Records shown below:

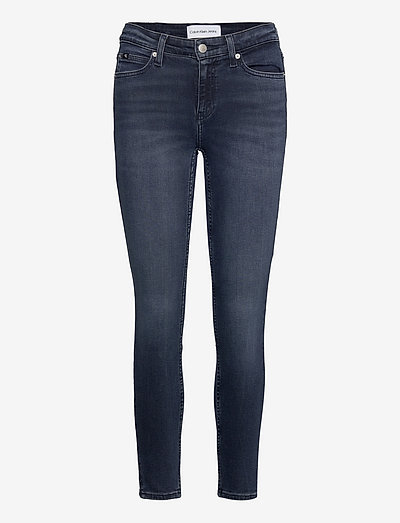 Calvin Klein Jeans Women | Large selection of the newest styles 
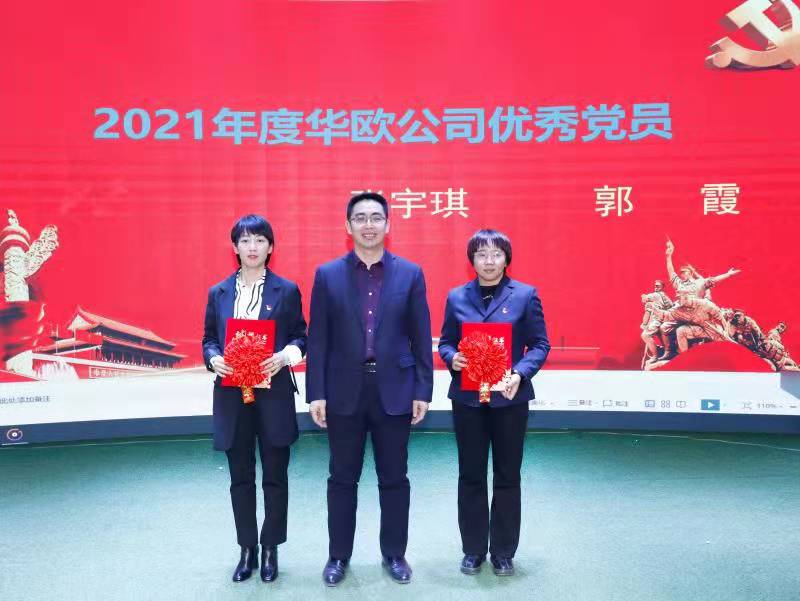 8e4f7f28c6c755e28c387447bc6c06b.jpg 8e4f7f28c6c755e28c387447bc6c06b.jpg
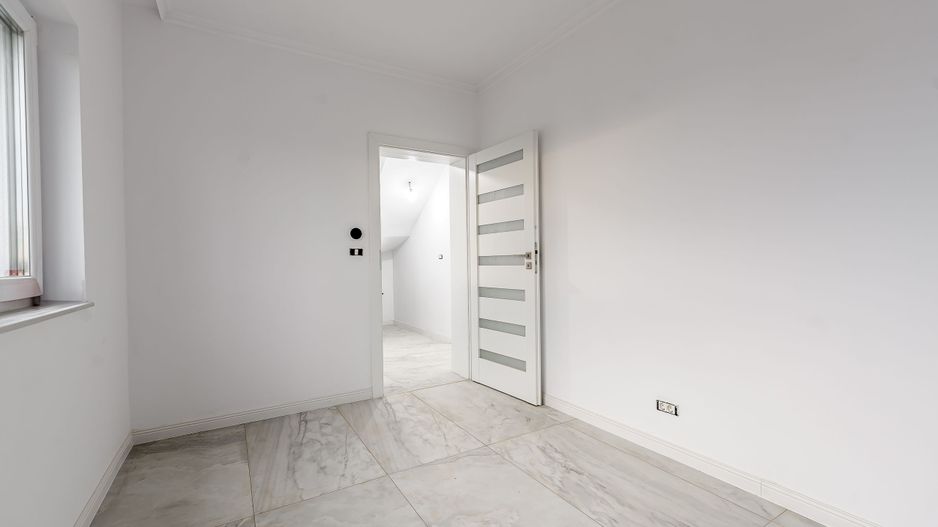 Vilă nouă cu terasă panoramică – design premium, 4 dormitoare, în Gai - Poză 4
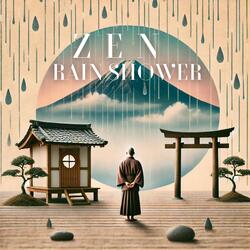 Refreshing Rainfall Harmony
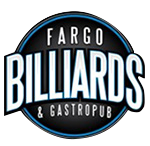 Fargo Billiards and Gastropub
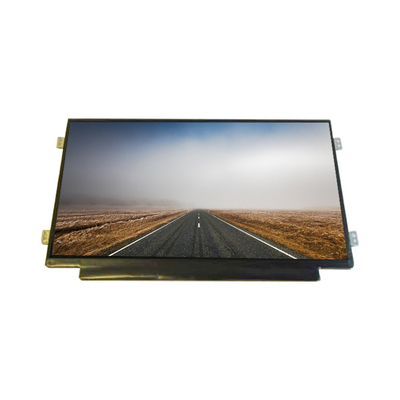 Buon prezzo 10.1 pollice schermo LCD modello HSD101PFW3-B00 1024*600 LCD Display Panel in linea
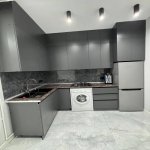 Satılır 3 otaqlı Yeni Tikili Xırdalan 10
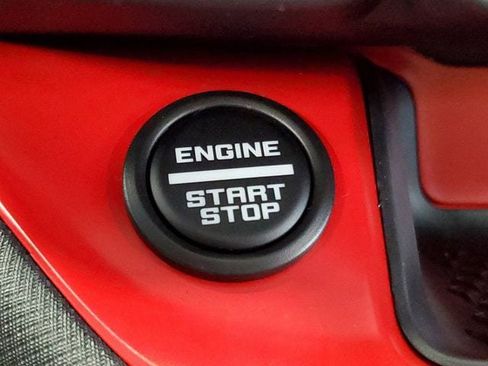 New 2024 Ford Bronco Sport Free Wheeling w/ Convenience Package image 48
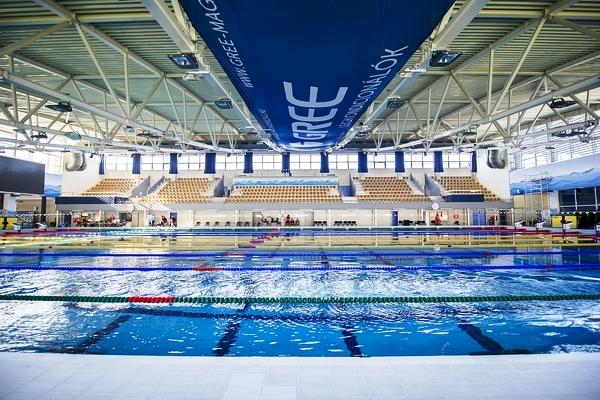 Swimmpower Prague | Road to Budapest Budapest, Swimmpower Prague, Прага, плавание, сезон 2016-2017, Swim.by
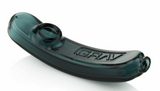 Grav - 5" Rocker Steamroller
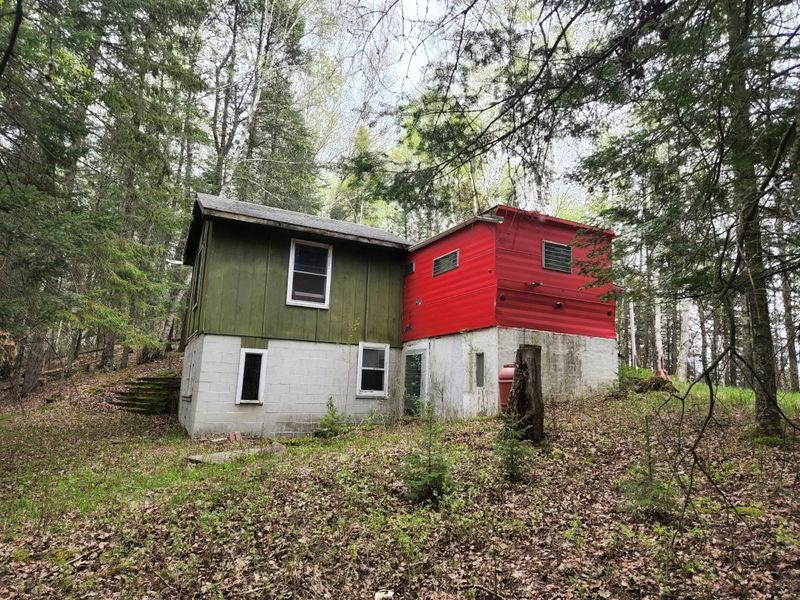 71971 Twin Oaks Rd, Finlayson, MN 55735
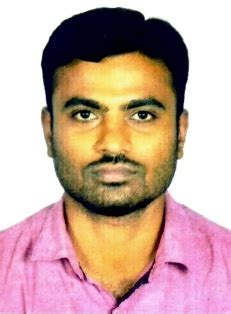 TCET - Thakur College Of Engineering and Technology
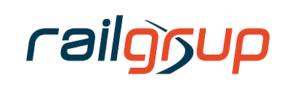 railgrup logo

End of Records shown.

Please output exactly the lines from the line containing "Fargo Billiards and Gastropub" through the last line of the records above, both included, and leave out any pictures.

 Fargo Billiards and Gastropub
 Buon prezzo 10.1 pollice schermo LCD modello HSD101PFW3-B00 1024*600 LCD Display Panel in linea
 Satılır 3 otaqlı Yeni Tikili Xırdalan 10
 New 2024 Ford Bronco Sport Free Wheeling w/ Convenience Package image 48
 Swimmpower Prague | Road to Budapest Budapest, Swimmpower Prague, Прага, плавание, сезон 2016-2017, Swim.by
 Grav - 5" Rocker Steamroller
 71971 Twin Oaks Rd, Finlayson, MN 55735
 TCET - Thakur College Of Engineering and Technology
 railgrup logo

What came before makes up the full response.